POLÍTICA • Postado em 16-03-2018

Criação de novo fundo terá dificuldades para ser aprovado na AL

Aline Brito

Da redação

/ Maurício Barbant/Assessoria

A criação do novo Fundo Emergencial de Estabilização, de autoria do governador Pedro Taques (PSDB), não deve ser aprovado facilmente na Assembleia Legislativa de Mato Grosso (ALMT), segundo o presidente da Casa, deputado estadual Eduardo Botelho (PSB).

 “Vai ter que ter uma discussão muito grande. Hoje o clima na Assembleia não é favorável para aprovação”, afirmou Botelho nesta quinta-feira (15).

Segundo Botelho a expectativa é que haja uma reunião para explicar aos deputados como deve ser o novo fundo. “O governador vai ter que fazer articulação com a base.
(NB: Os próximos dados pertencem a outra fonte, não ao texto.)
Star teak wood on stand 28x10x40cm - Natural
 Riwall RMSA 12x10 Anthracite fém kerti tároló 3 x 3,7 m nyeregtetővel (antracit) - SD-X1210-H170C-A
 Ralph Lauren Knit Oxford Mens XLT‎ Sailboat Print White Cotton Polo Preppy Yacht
Vai ter que explicar como isso vai funcionar”, disse o deputado.

O fundo deve cobrar uma alíquota de pelo menos 10% sobre os incentivos fiscais das empresas que estão no Programa de Desenvolvimento Industrial e Comercial (Prodeic), gerando R$ 500 milhões em um ano, além de contribuições de outros setores.

De acordo com a Secretaria de Estado de Fazenda (Sefaz), as alíquotas devem variar de acordo com o setor econômico, e estão sendo debatidas em rodadas de negociação com os empresários.

A função principal do fundo é desvincular recursos e assim, ter mais dinheiro para cobrir as despesas do Governo sem ter que distribuir os percentuais obrigatórios para saúde, educação, Poderes, e outras despesas vinculadas à arrecadação normal de Imposto sobre Circulação de Mercadorias e Serviços (ICMS).

A proposta já foi alvo de manifestações contrárias da Federação das Indústrias de Mato Grosso (Fiemt) e da Associação dos Produtores de Soja e Milho (Aprosoja).